- **INPUT RECORDS**:
* * * * *

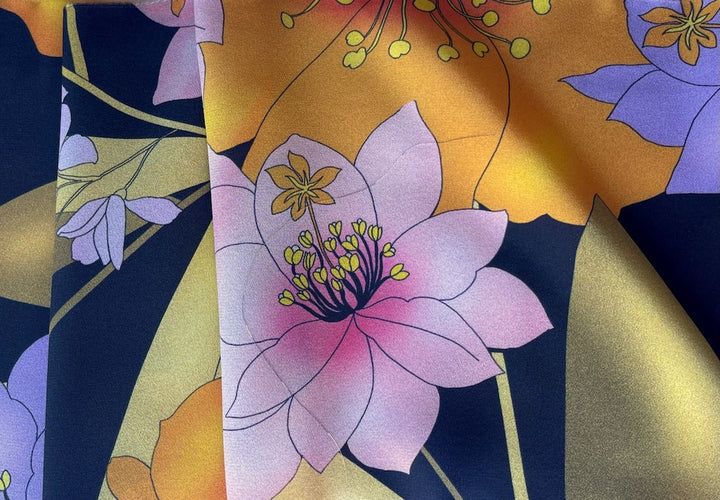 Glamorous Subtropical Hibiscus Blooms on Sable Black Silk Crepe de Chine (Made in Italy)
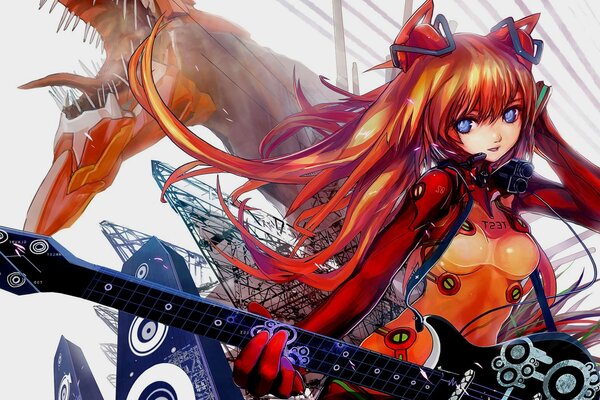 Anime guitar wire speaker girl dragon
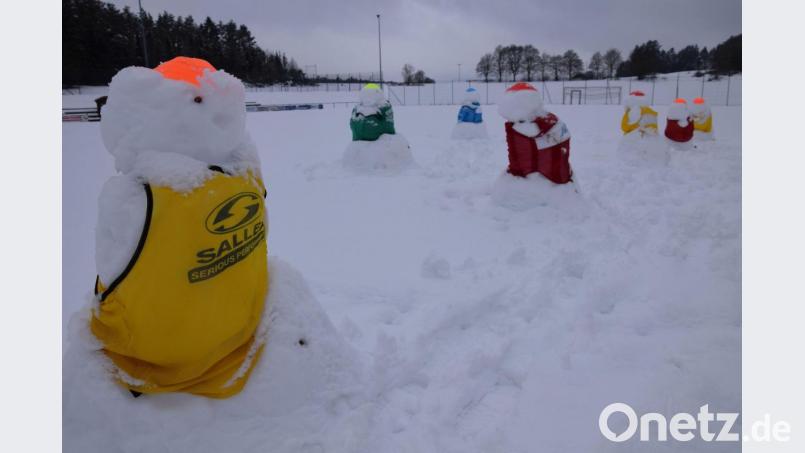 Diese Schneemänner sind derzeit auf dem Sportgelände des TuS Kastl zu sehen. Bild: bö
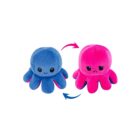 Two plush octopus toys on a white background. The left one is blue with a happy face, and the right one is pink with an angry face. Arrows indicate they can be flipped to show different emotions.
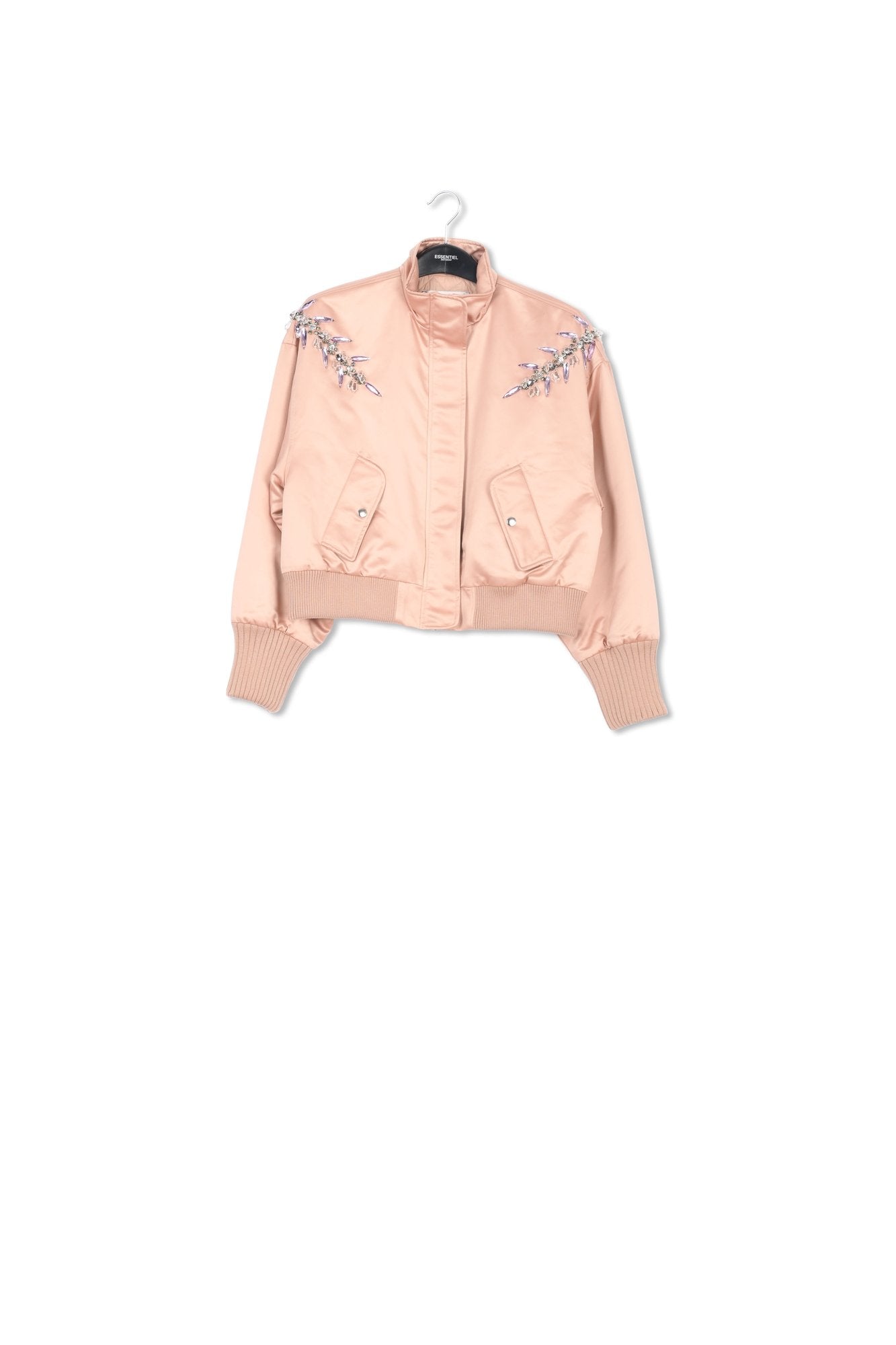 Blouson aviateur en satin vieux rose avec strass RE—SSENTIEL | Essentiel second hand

* * * * *

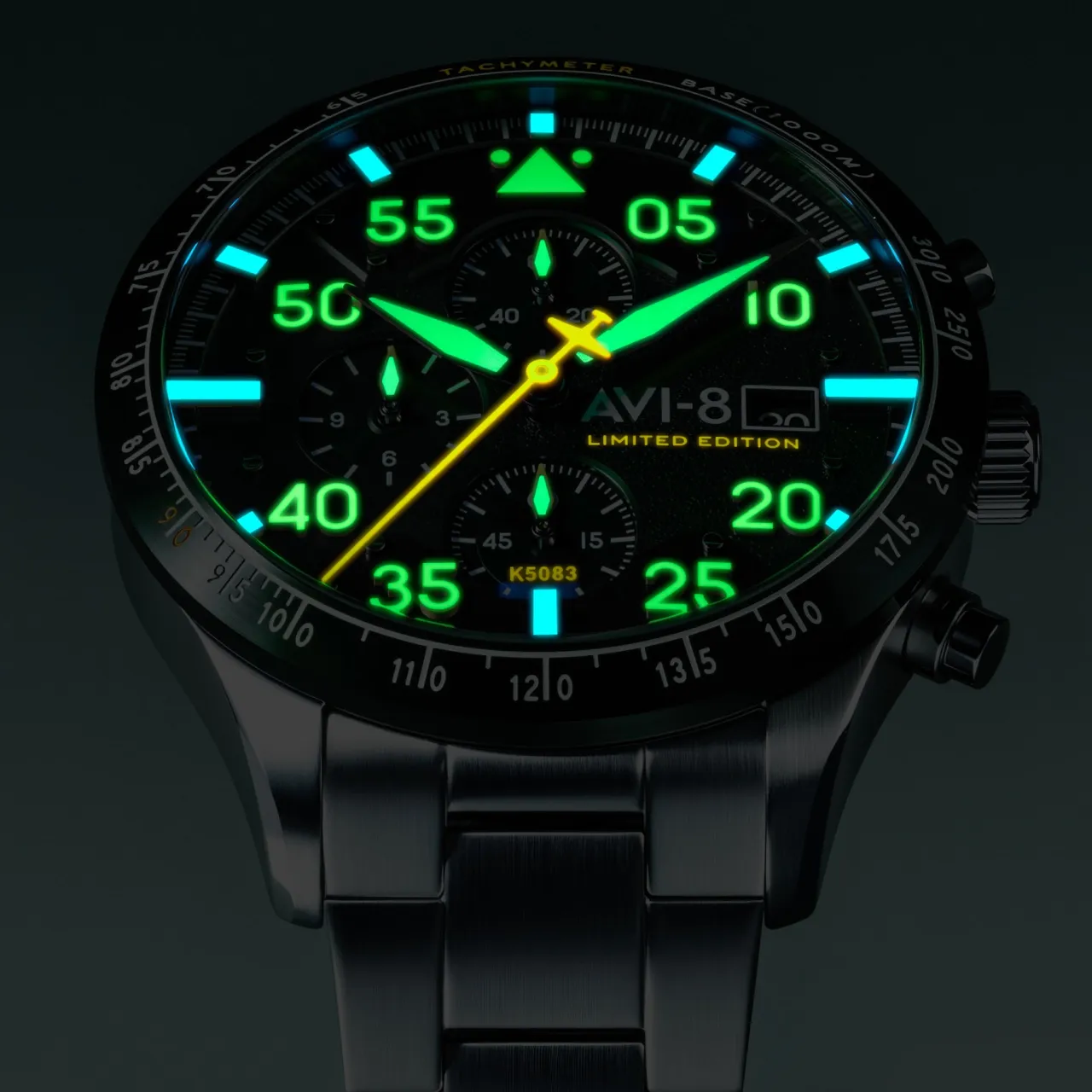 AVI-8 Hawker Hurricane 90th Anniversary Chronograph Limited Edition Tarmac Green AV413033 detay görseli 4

* * * * *

- **WHAT THIS TASK INVOLVES**:
Look back over the records above. Reproduce exactly everything from the line with "Anime guitar wire speaker girl dragon" down to the line with "Blouson aviateur en", inclusive, and leave the pictures out.

- **WRITTEN RESPONSE**:
 Anime guitar wire speaker girl dragon
 Diese Schneemänner sind derzeit auf dem Sportgelände des TuS Kastl zu sehen. Bild: bö
 Two plush octopus toys on a white background. The left one is blue with a happy face, and the right one is pink with an angry face. Arrows indicate they can be flipped to show different emotions.
 Blouson aviateur en satin vieux rose avec strass RE—SSENTIEL | Essentiel second hand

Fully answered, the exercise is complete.